A posse ou porte de arma quebrada configura crime?

Publicado por Flávia Ortega Kluska
há 8 anos

Antes de responder tal questionamento, é relevante trazer as seguintes premissas acerca da posse/porte de arma de fogo:

A posse ou o porte de arma de fogo desmuniciada configura crime

A posse (art. 12 da Lei nº 10.826/2003) ou o porte (art. 14) de arma de fogo configura crime mesmo que ela esteja desmuniciada. Trata-se, atualmente, de posição pacífica tanto no STF como no STJ. Para a jurisprudência, a simples posse ou porte de arma, munição ou acessório de uso permitido — sem autorização e em desacordo com determinação legal ou regulamentar — configura os crimes previstos nos arts. 12 ou 14 da Lei nº 10.826/2003. Isso porque, por serem delitos de perigo abstrato, é irrelevante o fato de a arma apreendida estar desacompanhada de munição, já que o bem jurídico tutelado é a segurança pública e a paz social.

Neste sentido:

STJ. 3ª Seção. AgRg nos EAREsp 260.556/SC, Rel. Min. Sebastião Reis Júnior, julgado em 26/03/2014.

STF. 2ª Turma. HC 95073/MS, red. P/ o acórdão Min. Teori Zavascki, 19/3/2013 (Info 699).

A posse ou porte apenas da munição configura crime

A posse ou o porte apenas da munição (ou seja, desacompanhada da arma) configura crime. Isso porque tal conduta consiste em crime de perigo abstrato, para cuja caracterização não importa o resultado concreto da ação. O objetivo do legislador foi o de antecipar a punição de fatos que apresentam potencial lesivo à população, prevenindo a prática de crimes.

Neste sentido:

STF. 2ª Turma. HC 119154, Rel. Min. Teori Zavascki, julgado em 26/11/2013.

STJ. 6ª Turma. AgRg no REsp 1442152/MG, Min. Maria Thereza de Assis Moura, julgado em 07/08/2014.

Para que haja condenação pelo crime de posse ou porte, NÃO é necessário que a arma de fogo tenha sido apreendida e periciada

É irrelevante (desnecessária) a realização de exame pericial para a comprovação da potencialidade lesiva do artefato, pois basta o simples porte de arma de fogo, ainda que desmuniciada, em desacordo com determinação legal ou regulamentar, para a incidência do tipo penal.
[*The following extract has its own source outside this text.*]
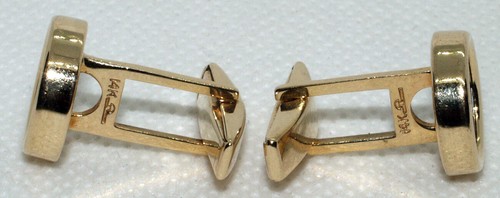 14K Solid Yellow Gold Beautiful Pair Of Black Onyx And Diamond Cufflinks 11.3 Gr - Picture 5 of 12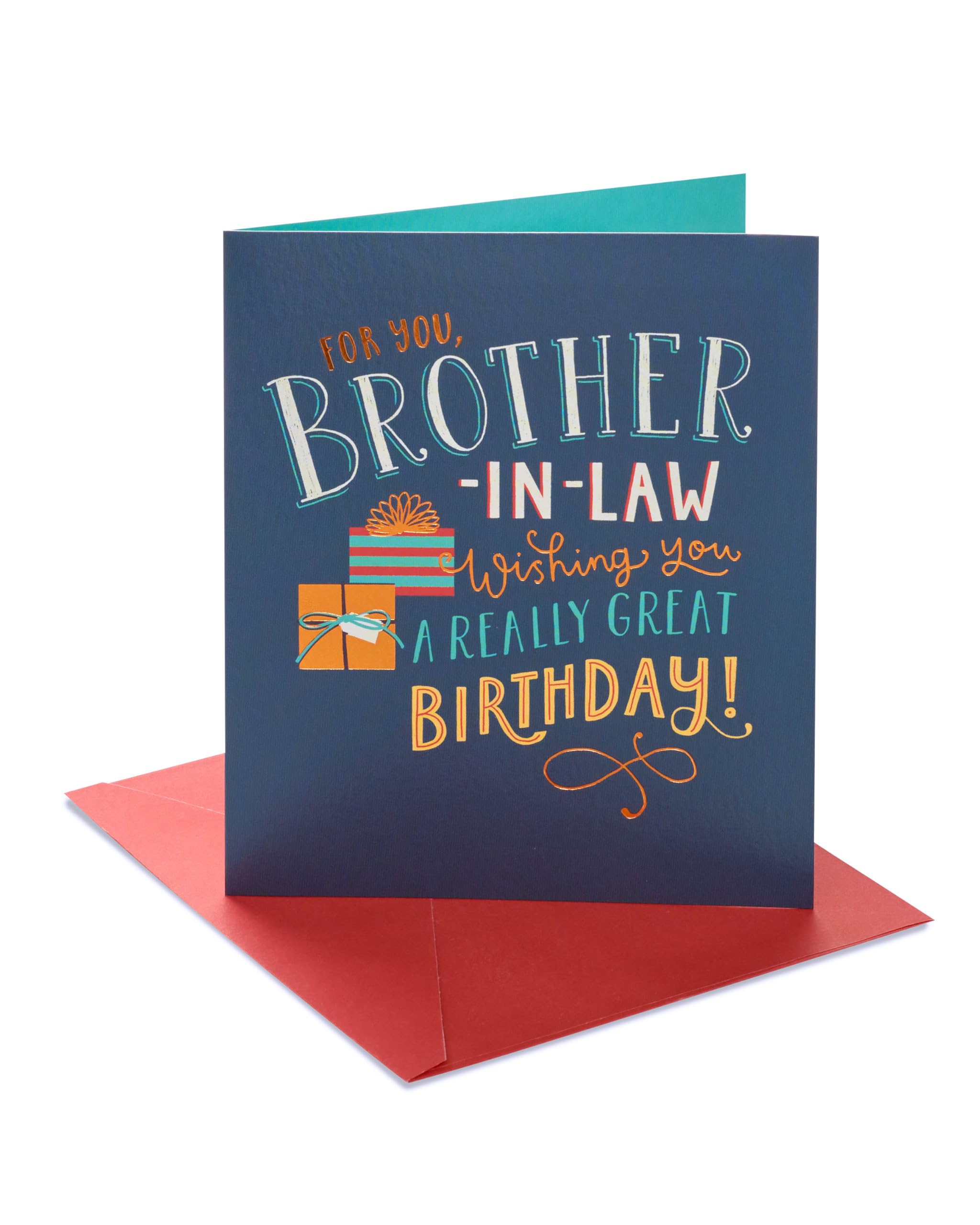 UK Greetings Birthday Card for Brother-in-Law with Gold Foil Finish | 165 x 190 mm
Isso porque os crimes previstos no arts. 12, 14 e 16 da Lei 10.826/03 são de mera conduta ou perigo abstrato, cujo objeto jurídico imediato é a segurança coletiva (STJ. 5ª Turma. AgRg no REsp 1294551/GO, Rel. Min. Jorge Mussi, julgado em 07/08/2014).
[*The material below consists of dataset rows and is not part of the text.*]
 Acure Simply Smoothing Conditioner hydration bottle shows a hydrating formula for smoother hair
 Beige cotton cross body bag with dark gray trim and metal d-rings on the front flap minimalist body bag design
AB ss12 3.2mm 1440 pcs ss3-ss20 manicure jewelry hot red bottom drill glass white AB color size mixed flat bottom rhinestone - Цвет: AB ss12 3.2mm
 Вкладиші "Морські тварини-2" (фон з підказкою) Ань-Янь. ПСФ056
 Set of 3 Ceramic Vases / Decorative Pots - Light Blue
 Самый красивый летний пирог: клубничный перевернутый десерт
Dessa maneira, a pessoa pode ser condenada por posse ou porte de arma de fogo mesmo que não tenha havido apreensão e perícia.

A posse ou porte de arma quebrada configura crime?

NÃO. Como vimos acima, não é imprescindível que seja realizada perícia na arma de fogo apreendida. No entanto, se o laudo pericial for produzido e ficar constatado que a arma não tem nenhuma condição de efetuar disparos, não haverá crime. É o que vem decidindo o STJ:

(...) Sendo a tese nuclear da defesa o fato de o objeto não se adequar ao conceito de arma, por estar quebrado e, consequentemente, inapto para realização de disparo, circunstância devidamente comprovada pela perícia técnica realizada, temos, indubitavelmente, o rompimento da ligação lógica entre o fato provado e as mencionadas presunções. Nesse contexto, impossível a manutenção do decreto condenatório por porte ilegal de arma de fogo. (...)

STJ. 5ª Turma. AgRg no AREsp 397.473/DF, Rel. Min. Marco Aurélio Bellizze, julgado em 19/08/2014.

(...) Na hipótese, contudo, em que demonstrada por laudo pericial a total ineficácia da arma de fogo (inapta a disparar) e das munições apreendidas (deflagradas e percutidas), deve ser reconhecida a atipicidade da conduta perpetrada, diante da ausência de afetação do bem jurídico incolumidade pública, tratando-se de crime impossível pela ineficácia absoluta do meio. (...)

STJ. 6ª Turma. REsp 1451397/MG, Rel. Min. Maria Thereza de Assis Moura, julgado em 15/09/2015.

Entretanto, ressalta-se que, se a arma quebrada estiver com munição eficaz, o agente poderá ser condenado porque o simples porte de munição (eficaz) já configura o delito.

Logo, para que não seja crime, o agente tem que ter sido apreendido com arma quebrada e desmuniciada ou, então, com arma quebrada e com munições ineficazes (deflagradas e percutidas).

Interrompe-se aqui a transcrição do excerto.